People who read, write, and speak English often seem to flounder, mostly deliberately and confuse (or rather, obfuscate) the distinction between a terrorist and an assassin.
Ajmal Kasab was a terrorist.
Nathuram Godse was an assassin.
Kasab’s mission was indiscriminate slaughter. To kill anybody and everybody with his AK-47. The more the better.
He fired randomly into crowds and took aim at individuals alike, his purpose being to create chaos, mayhem, and death.
Godse’s mission was singular - to eliminate Gandhi, and Gandhi alone.
Everything we have seen, experienced, and studied about jihadi terror tells us that it is guided solely by religion.
Blood is spilt in the name of Allah, and those who perpetrate it believe they do so with divine sanction.
That was not the case with Godse.

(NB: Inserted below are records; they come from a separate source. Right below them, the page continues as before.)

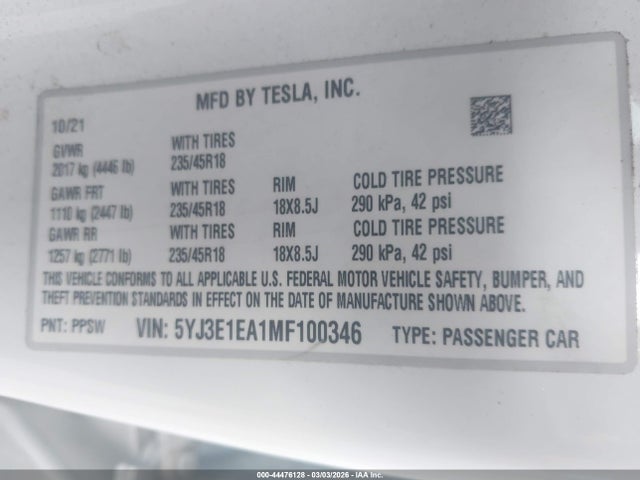 Aukcja sprzedaży 2021 Tesla Model 3 Standard Range Plus Rear-wheel Drive, vin: 5YJ3E1EA1MF100346, numer aukcji: 44476128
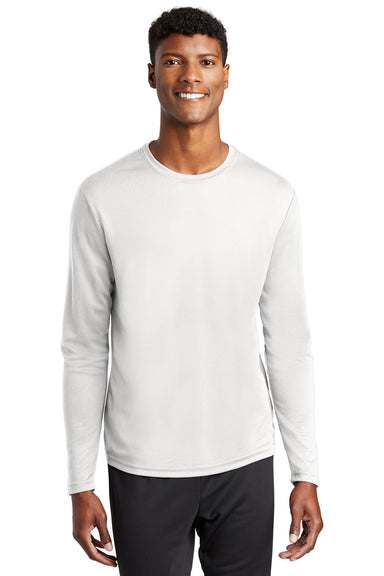 Sport-Tek ST340LS Mens RacerMesh Moisture Wicking Long Sleeve Crewneck T-Shirt White Model Front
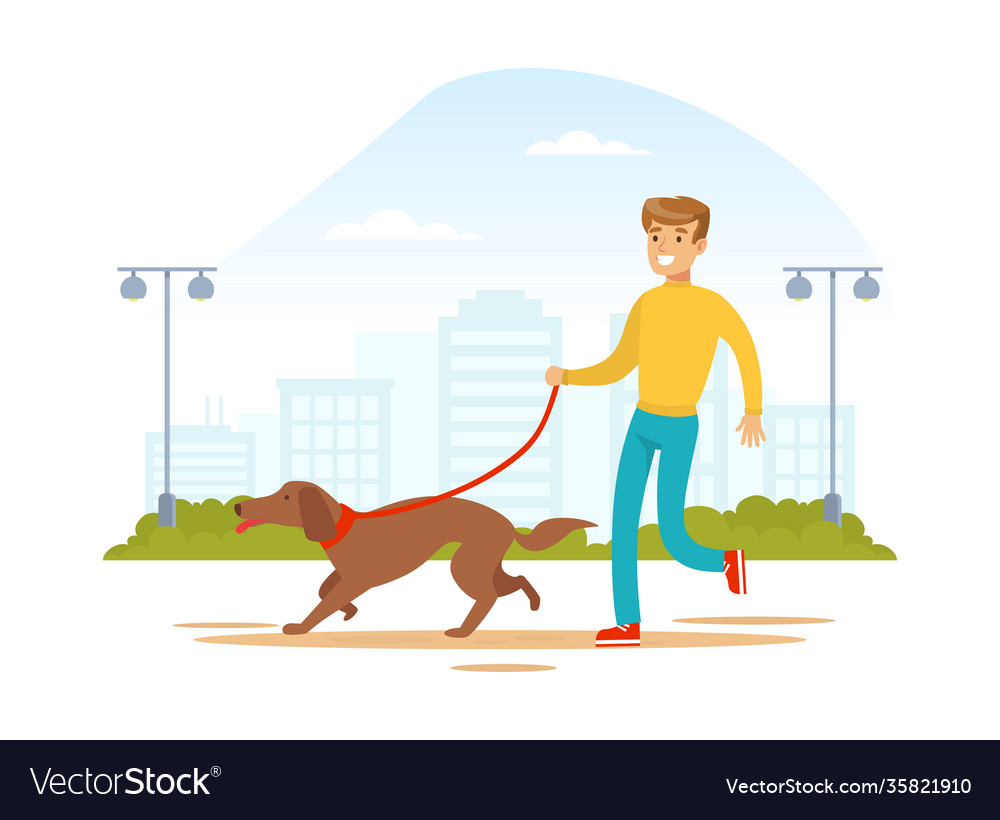 Young man walking with his pet dog on street Vector Image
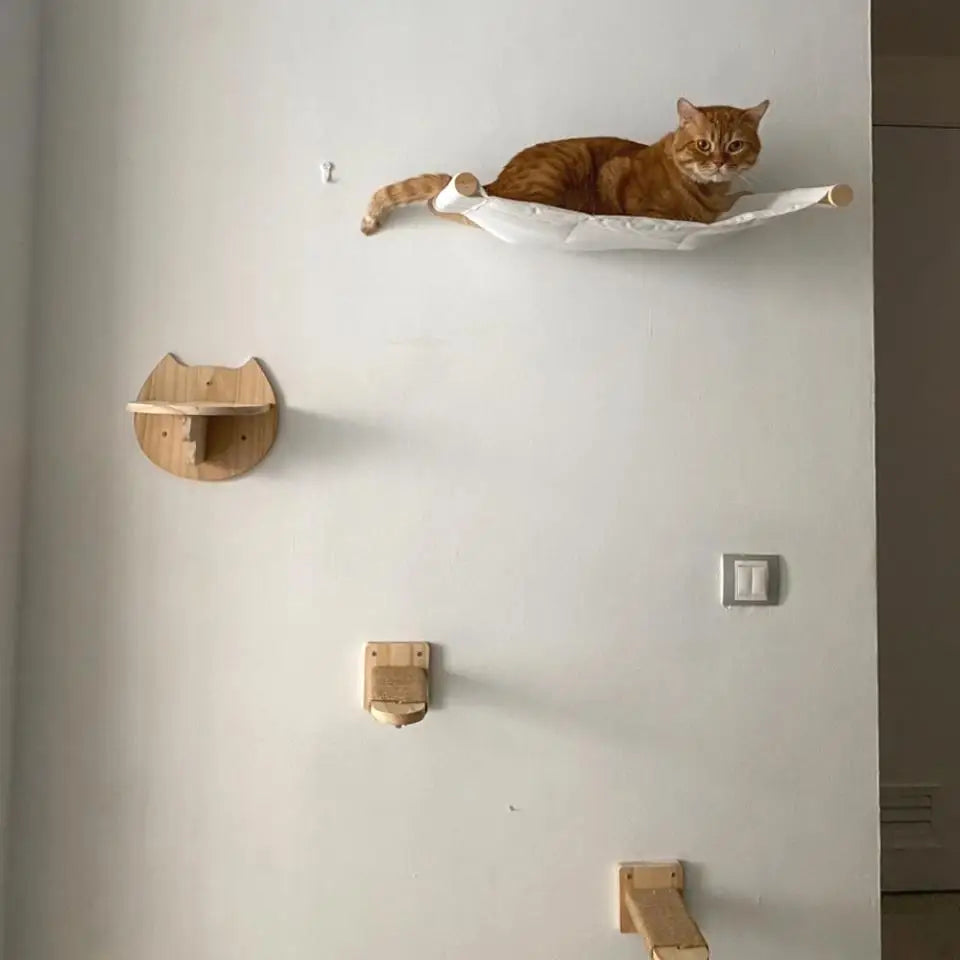Wall-Mounted Cat Hammock and Climbing Stairs with Scratcher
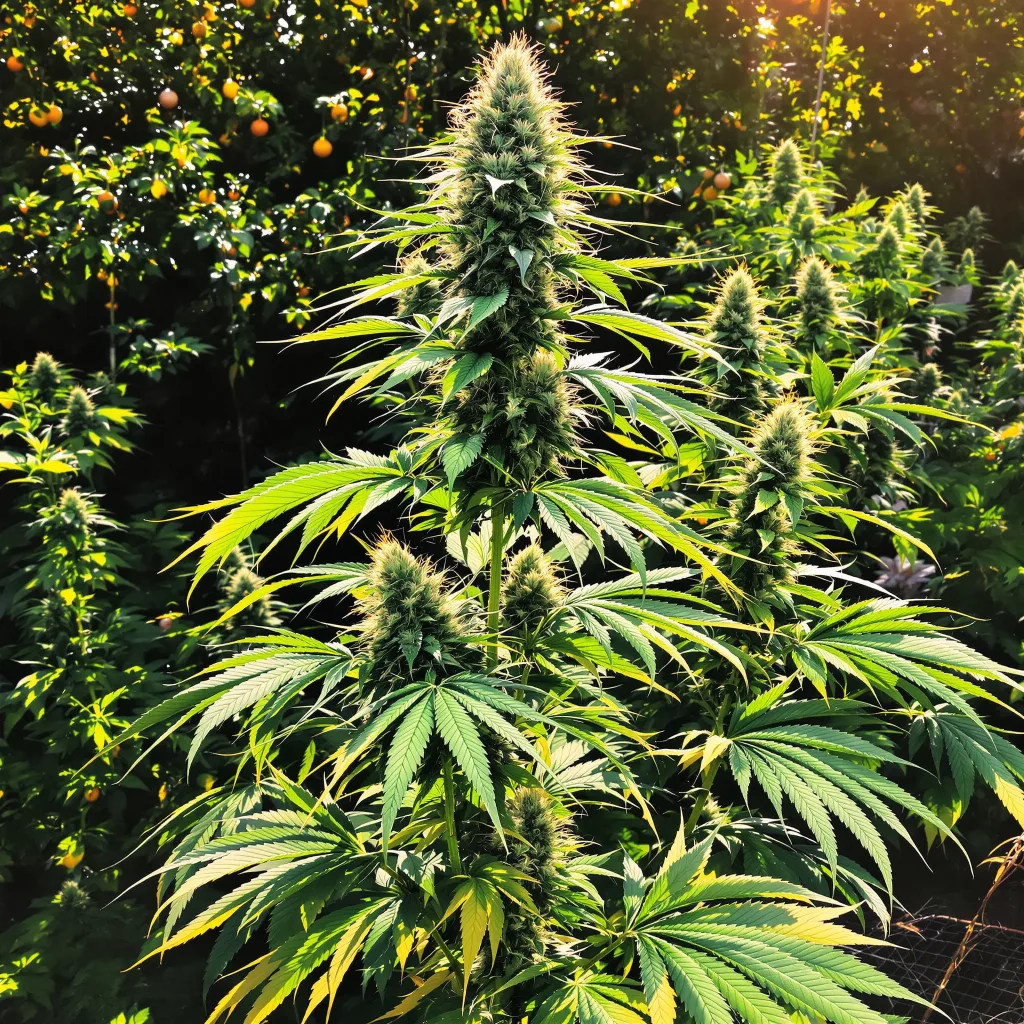 Sweet Island 19% indica / 81% sativa — fleur avec trichomes visibles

He assassinated Gandhi for what he believed was a political and moral cause.
Crucially, he neither ran nor hid. He surrendered, fully aware that under the law he had murdered a man and would face trial and punishment.
To repeatedly dredge up a single 77 year-old incident to equate it with the global scourge of jihadi terror, that the world continues to endure in its most brutal forms only exposes the weakness of the argument, the strength of the victimhood narrative, and the evil of the ideology that sustains it.